At the top of a mountain, say Mt Everest, atmospheric pressure is low. So shouldn't the same thing be true for winter season.
Atmospheric pressure is low at the top of a mountain because the top of a mountain is at a high altitude. A nice first order approximation of the atmosphere is that the atmospheric pressure at some point in the atmosphere is the equal to the weight per unit area of all of the atmosphere above that point. This immediately leads to a roughly exponential decrease in pressure with increased altitude. Extending this first order reduction in pressure with increased altitude to a reduction in pressure with increased latitude is invalid logic.
On to the main question:
Why is air pressure higher in winter than in summer?
This is not the case. Suppose you pick a location in a temperate or polar climate (roughly between 30° and 70° degrees latitude) with a very long history of meteorological records. If you carefully compute the average atmospheric pressure in midwinter versus midsummer, you will likely find that the average pressure is very slightly lower in winter than it is in summer.
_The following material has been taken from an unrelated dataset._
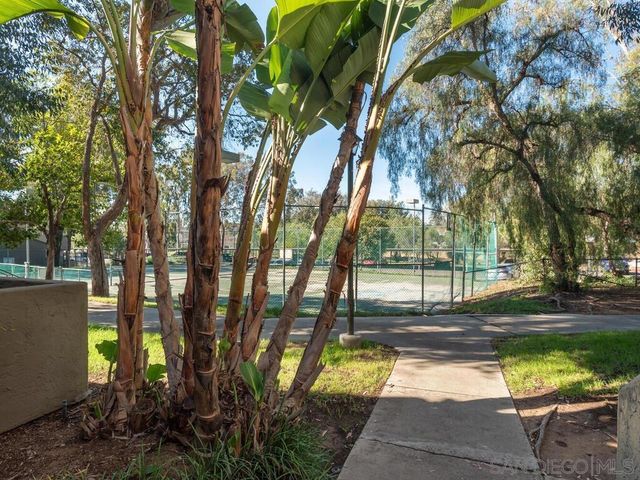 1350 N Escondido Blvd 7, Escondido, CA 92026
What you'll also find is that the extremes of pressure are more likely to occur in winter rather than summer. A nice example of this is wunderground.com's compilation of U.S. city barometric pressure records. All of the highest pressure records occur in winter. However, with the exception of coastal cities that were hit by hurricanes, all of the lowest pressure records also occur in winter.
This suggests that wintertime weather is much more volatile than is summertime weather, at least in the contiguous U.S. This concept applies across locales with temperate or polar climates: In such locales, wintertime weather tends to be much more volatile compared to summertime weather.
There's a marked temperature difference between the Earth's equatorial and polar regions. The Earth's atmosphere works to balance these differences via air flow from the equator to the poles and back. The primary cause of the increased wintertime volatility in temperate and polar locales is that this is when the temperature difference between the equator and the pole is at its greatest and that these are the locales where the conflict is most brought to bear.